In 1855, a law was enacted establishing that women who weren’t ineligible for other reasons (like race) were automatically made citizens when their husbands were naturalized. There was no extra paperwork or court costs. Their husbands’ papers (in combination with their marriage records) served as proof of the women’s citizenship, even though before 1906, you will not usually find the women’s names even listed on their husbands’ applications.

This represented a step forward for most married women, but not all. If a husband didn’t naturalize, the wife couldn’t naturalize without him. On the flip side, if a U.S.-born woman married a foreigner, she often lost her U.S. citizenship, whether or not she left the country. This problem wasn’t fully resolved until many years later; learn more about the laws and resulting paperwork in this article by the National Archives.

Naturalization laws were not applied evenly, and some women got their citizenship anyway. Eventually, as women won voting rights in various states in the early 1900s, men who applied to naturalize were sometimes denied because their wives, who would be granted citizenship and therefore voting privileges, didn’t speak English or meet other requirements. Men complained that their wives’ nationalities were getting in the way, a problem women had lived with for years!

Check out this interactive timeline on women's right to vote in the U.S.

Check out this interactive timeline on women’s right to vote in the U.S.

In 1922, women gained the right to naturalize independent of marital status. If their husbands were already citizens, they didn’t have to file declarations of intentions (the first step in the paperwork process), just a petition (the second step in the process). Otherwise, they had to fill out both sets of papers. Eventually even this link to their husbands’ citizenship disappeared, and they just filled out their own entirely separate paperwork.

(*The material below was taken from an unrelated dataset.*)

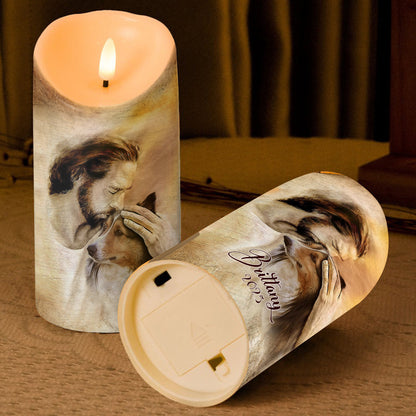 Teesdily | Customized Jesus With Dogs Memorial Led Candle, Pet Sympathy Gift, Dog Mom Gift, Memorial Dog Led Candle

My Great Grandmother’s Petition for Naturalization

What about unmarried women and widows? They could apply for naturalization, but in especially before the 1900s, they sometimes didn’t if they had no property. They could not vote and the law didn’t always treat them equally. They saw little benefit in investing the funds and time in applying for citizenship.

It’s fascinating how much we can learn as family historians about the status of women by the way they were handled in the records we research. The history of women in naturalization records reminds us to look past the paperwork to the reasons and intentions behind it. Unless we really understand the history of the laws and the culture at that time, we can’t be sure that we have exhausted all of the options.